In Will's article he explains how to develop the jack rafter tenon on the folding roof surface and goes onto explain how to use the Hawkindale Angles, P2, P5 and A9 for the mortise tenon layout on the hip and jack rafter. I started off using the draw down roof surface method for one of the jack rafters with the square cut tenon. It worked, however I then used the profile rafter to develop the jack rafter with the square cut tenon and thought it was more accurate and easier to layout. Four perpendicular lines from the jack rafter in plan view develop the jack rafter with the square cut tenon in profile view. The one thing I wasn't sure of, was the seat cut on the bottom of the jack rafter or seat housing in the hip rafter mortise. So I used the jack rafter lip-claw angle for the bottom seat angle on the jack rafter with the square cut tenon. Developing the claw line angle using geometry for the jack rafter is pretty straightforward, but you also need to know the depth of the mortise on the hip rafter. The depth of the mortise is taken from the hip rafter profile view.
Update: Will Beemer emailed me saying that the seat on the bottom of the jack rafter uses the clip-lip-claw angle on the bottom of the jack rafter for the housing seat, but the tenon is cut so the tenon has continuous grain.
After laying out the hip rafter in profile, I saw that I could layout the mortise for the tenon on the unbacked shoulder of the hip rafter. The layout on the hip rafter is 90° to the edge of the hip rafter for the square cut tenon and the other angle is the hip rafter side cut angle that we already have from the geometric layout at the foot and peak of the hip rafter. I mortised the hip rafter before I edge beveled the hip rafter for the hip rafter backing angle. With the mortise for the square cut tenon already cut on the hip rafter it automatically develops the correct angles once the hip rafter rafter is backed out. Just like the head cut of the hip rafter. The hip rafter side cut angle develops into the jack rafter side cut angle when the hip rafter is backed out, edge beveled.
You could layout the square cut tenon using a framing square. The angles you would need to know are the jack rafter side cut angle, hip rafter side cut angle, hip rafter and jack rafter slope-pitch. You could use the slope of the roof for the seat on the hip rafter square cut mortise and leave the bottom of the jack rafter without a seat.

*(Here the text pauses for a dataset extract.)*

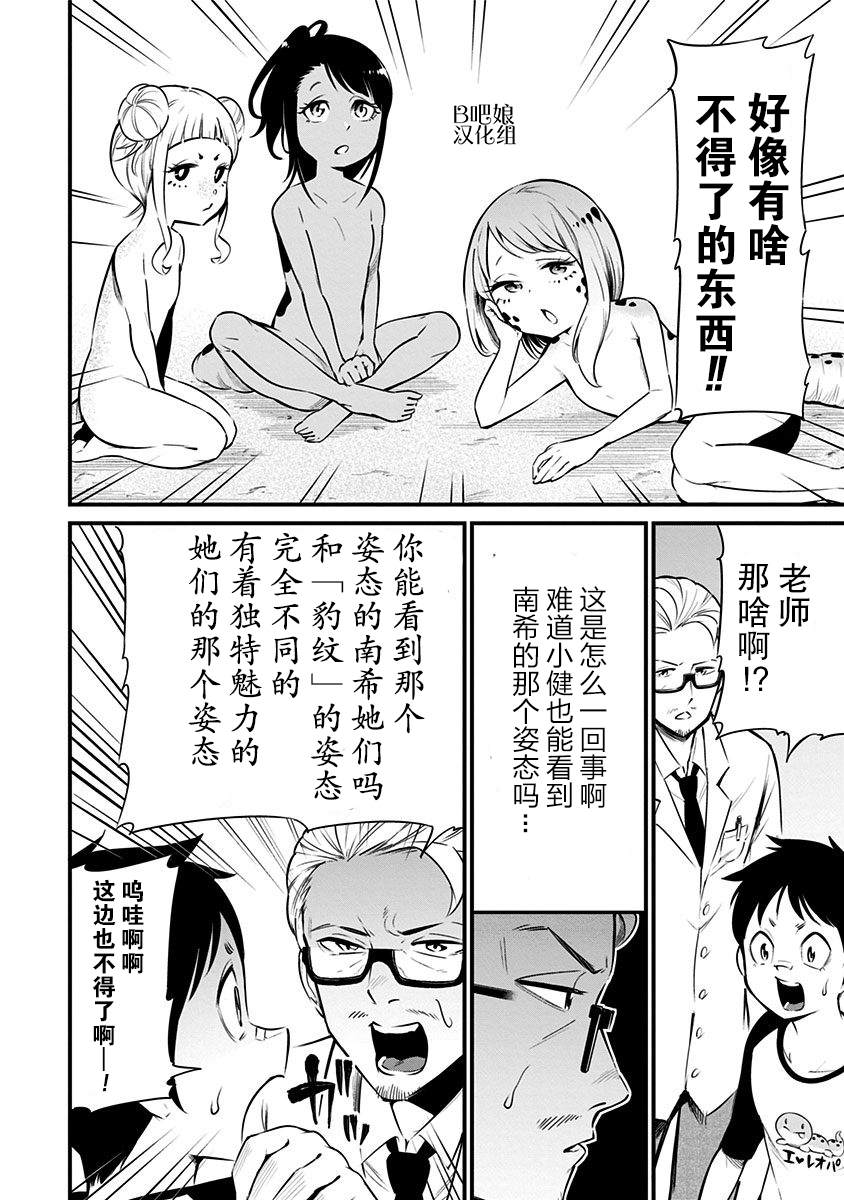 《爬虫类少女难亲近》漫画最新章节第14话免费下拉式在线观看章节第【5】张图片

This is one of those projects where everything went wrong that could go wrong. I cut the 2x4 base plates only to realize that my compound miter saw blade was not square to the table saw. So all of the cuts on the base plates are not perfect. Then I dry fitted some of the task model pieces with wooden dowels made of poplar, that broke when the pieces were doweled together. Alot of the cuts with my dull japanese pull saw don't look perfect. I started off the project thinking I was going to dowel and glue all pieces. After assembling the base, post, ridge and knee braces with dowel I'll never use dowels again.
Here's a link to the 70 or so photos of the project.
I started off by drawing the task model on a piece of drafting paper 4' x 6' . It was fun, but the eraser and everything else, left too many smug marks and I needed a place to build the task model.
I finally used several sheets of thick poster board to draw out the remaining geometry.
Picture of the geometric layout for the mortise on the unbacked shoulder of the hip rafter.
Hip rafter with mortises cut on the unbacked hip rafter.
Here I'm checking the depth of the mortise and checking to see if the mortise is square to the edge of the hip rafter.
Jack Rafter square cut tenon geometric layout in profile.
In this drawing I'm laying out the valley rafter. The top of the valley rafter has one edge that is beveled for the valley rafter backing angle and the other top edge is square-flat, not backed out. For the edge that is not backed out the valley jack rafters will have an upper claw that rest on top of the valley rafter.
Drawing showing the square tail cut on the valley rafter.
I started labeling the lines in the drawing. Either claw, bevel or seat to make it easier to lay out the valley jack rafters with claws.
I also labeled each line on the timber with c for claw line, b for back bevel line or s for the seat line.
You can never have enough framing squares.
Picture of the jack rafters with the square cut tenon and the valley jack rafters with the upper claw resting on top of the valley rafter.